Greg LoPiccolo was at pains, too, to point out the educational component. “The game does set you up, in a way, to be more receptive to learning about how to create music,” he said. “You learn about time, you learn about what the parts are … There’s this natural, intuitive knowledge about how songs are composed and arranged that the game totally gives you. My guess is that in five years’ time there’ll be an explosion of garage bands.”

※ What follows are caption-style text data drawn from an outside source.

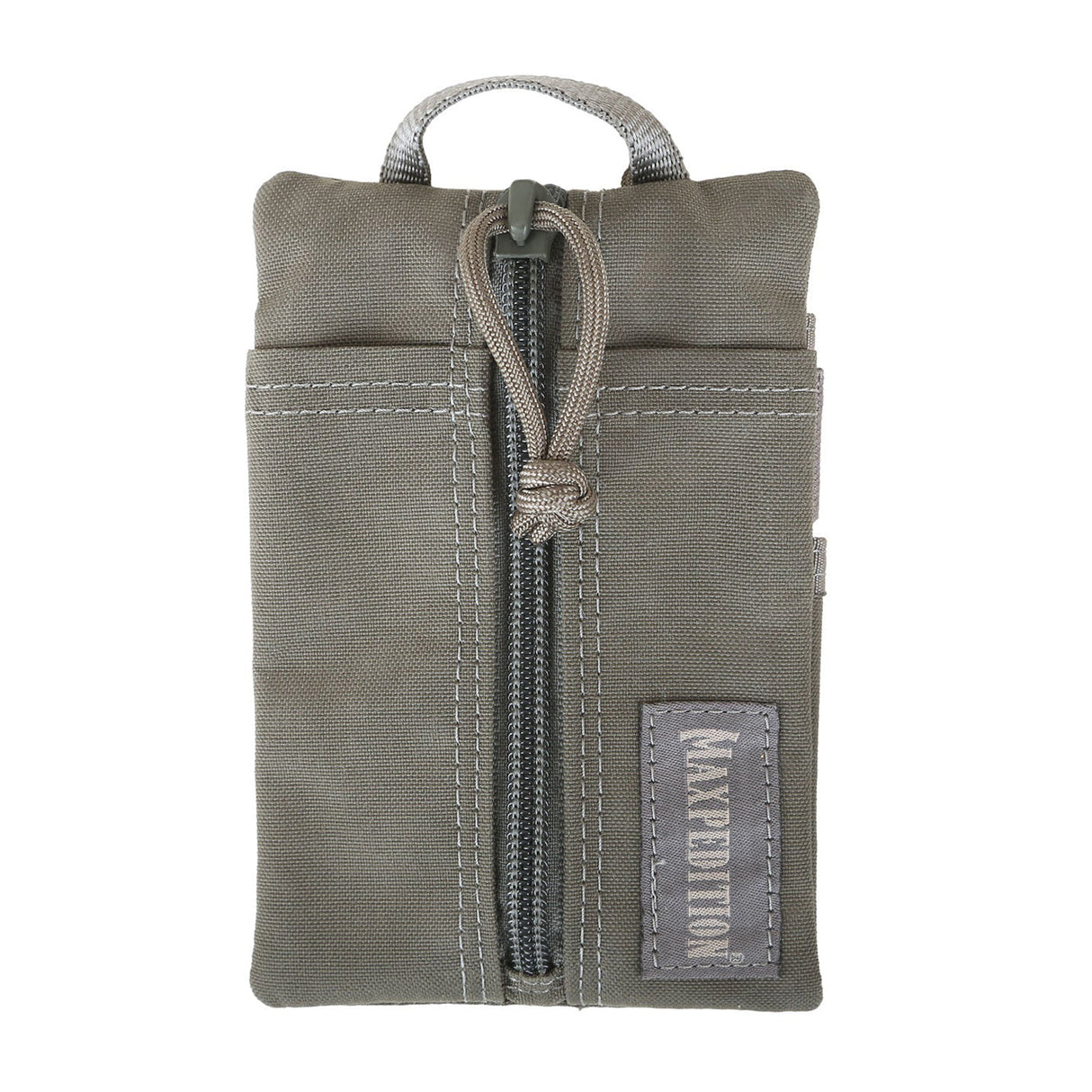 Platy Pocket Organizer 4×6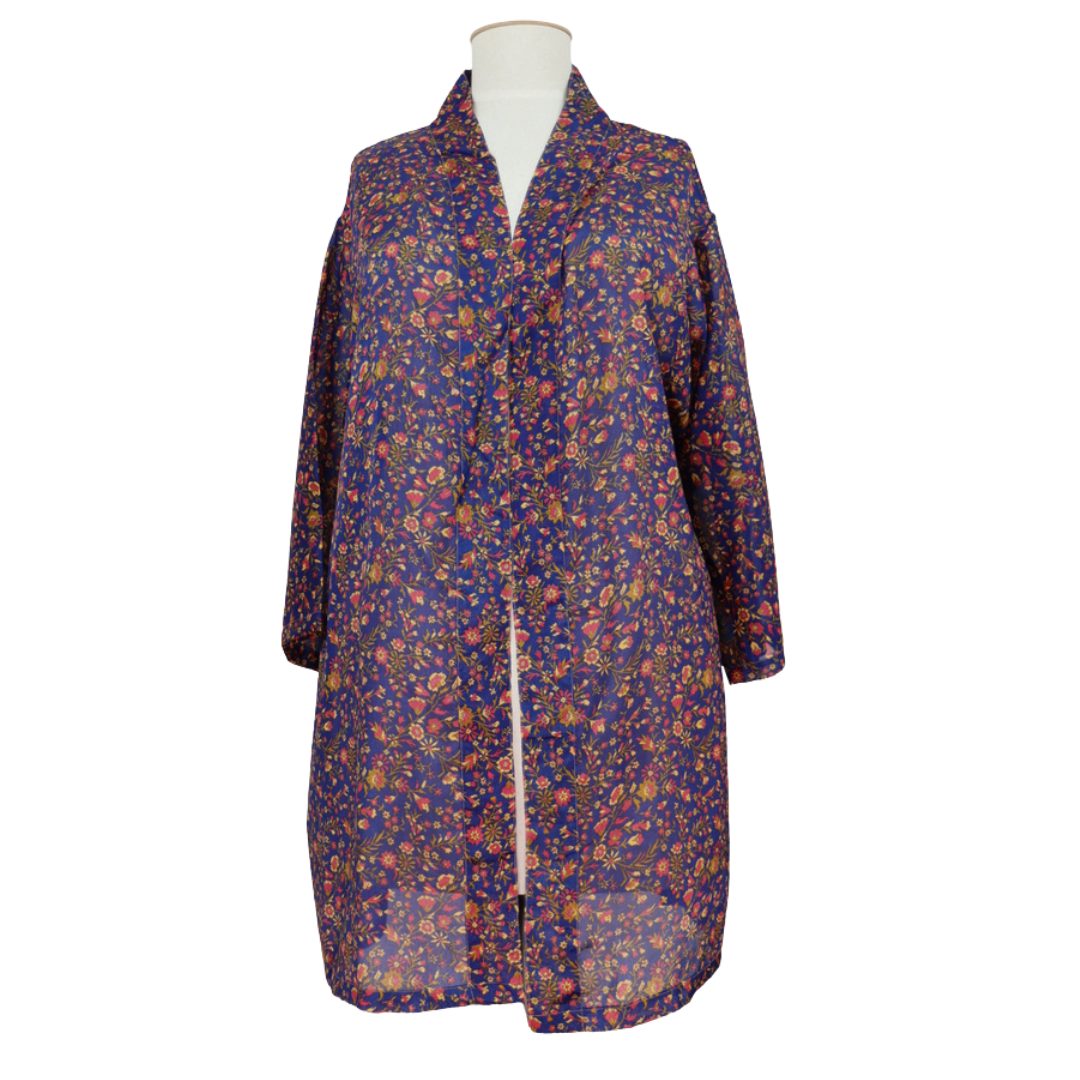 LK826 - Kimono
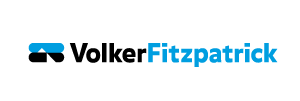 Volker Fitzpatrick Limited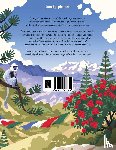 Lonely Planet - Mythische fietsreizen in de wereld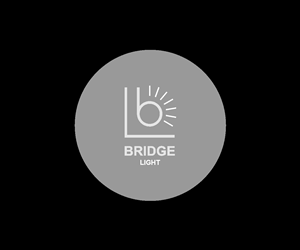 Logo Design by LOGO DESIGNER 2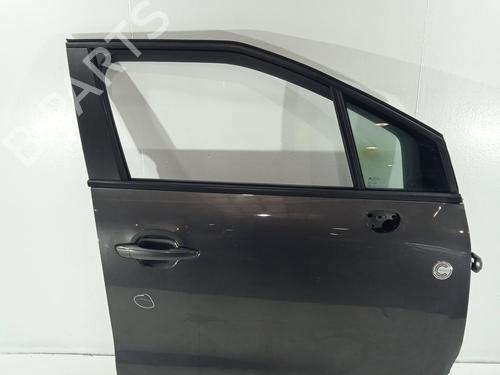 Right front door CITROËN C3 AIRCROSS II (2R_, 2C_)  | BP31620909C3 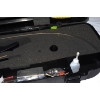 Image 4 : Recurve Bow W/ Accessories
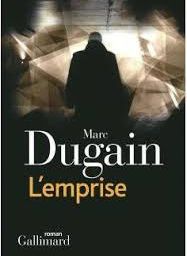 La trilogie de DUGAIN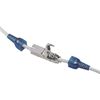 Wentronic-goobay---Netzwerkkoppler---LSA-bis-LSA---STP---CAT-6a--79579-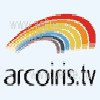 Arcoiris Tv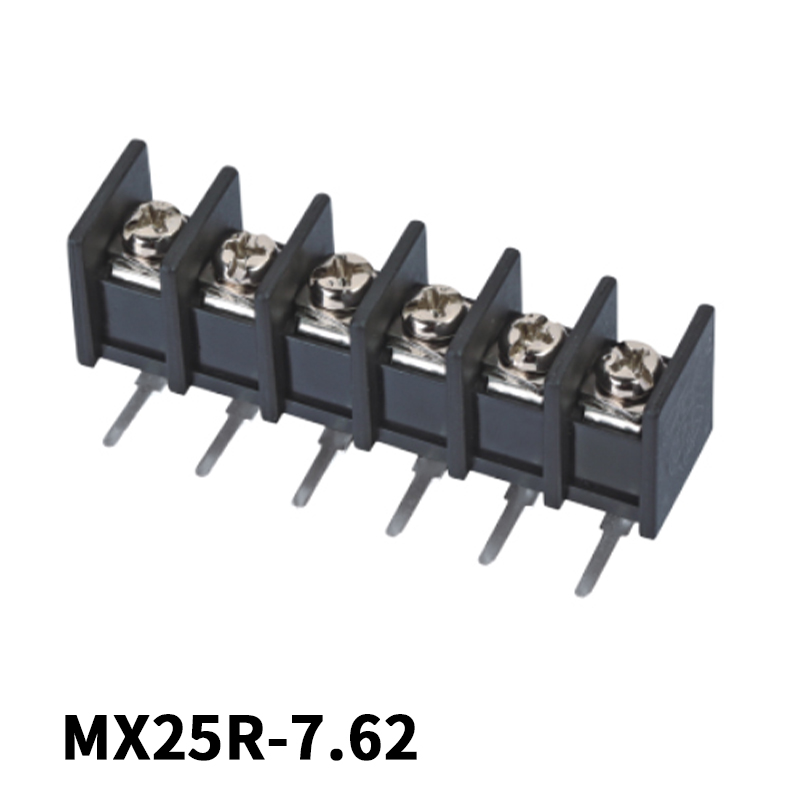 MX25R-7.62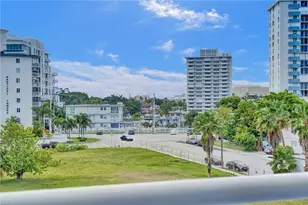 720 Orton Ave, Fort Lauderdale, FL 33304 - Photo 26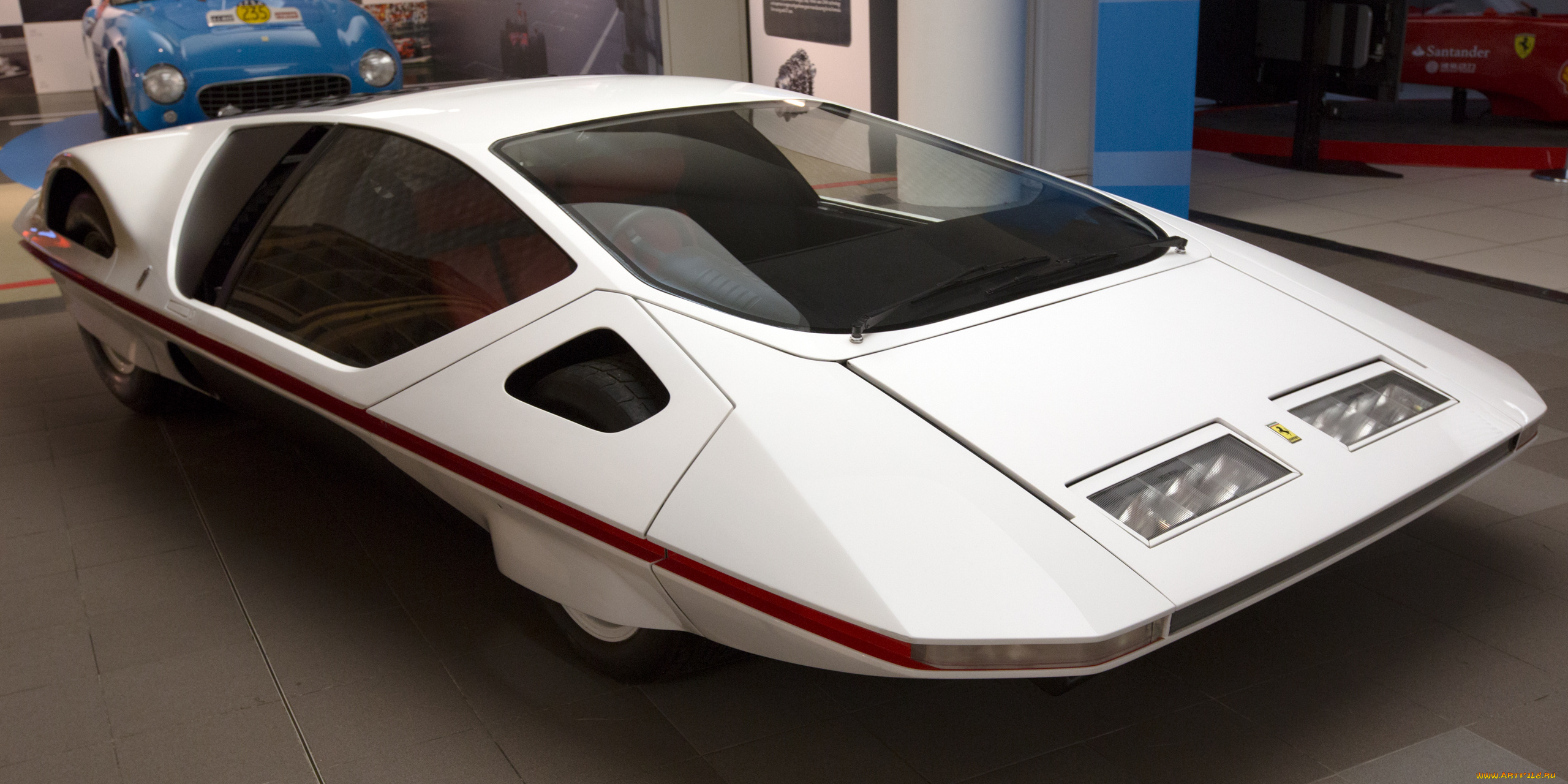 ferrari, 512, s, modulo, concept, 1970, автомобили, выставки, и, уличные, фото, ferrari, 512, modulo, s, 1970, concept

What these bands will sound like is anybody’s guess. Some alien new music, draped in weirdness, spooling out of the void and into its devotees’ fingertips? Or old tics and gimmicks, and the hoarse exhortations of a vanished rite: “Wooh!” and “C’mon!” and “Bay-beh!” Either way, the end of history can be survived: look at Metallica, star of the new Guitar Hero. Six years ago, it was barely a band at all—more of an un-band or meta-band. Rehab, creative blah, the staleness of fame, a hole where the bassist used to be—Joe Berlinger and Bruce Sinofsky’s 2004 documentary Some Kind of Monster records it all. But the ordeal of unreality, once endured, adds spice to everything: the band roared back last year with Death Magnetic, its most vividly panicked album yet. “Suicide / I’ve already died,” pronounces James Hetfield in “Cyanide.” “You’re just the funeral / I’ve been waiting for!” The syllables are hammered out, blow by blow, on an anvil of guitars. He’s outlived himself, damn it.
Can he transmit the wisdom—electrically, as it were—to the kids who’ll be aping his moves on Guitar Hero: Metallica, copying his riffs and matching him breath for breath? Burning with solemnity, they’ll waggle their toy guitars. The cycle of simulation begins again. It’s the very sacrament of rock and roll.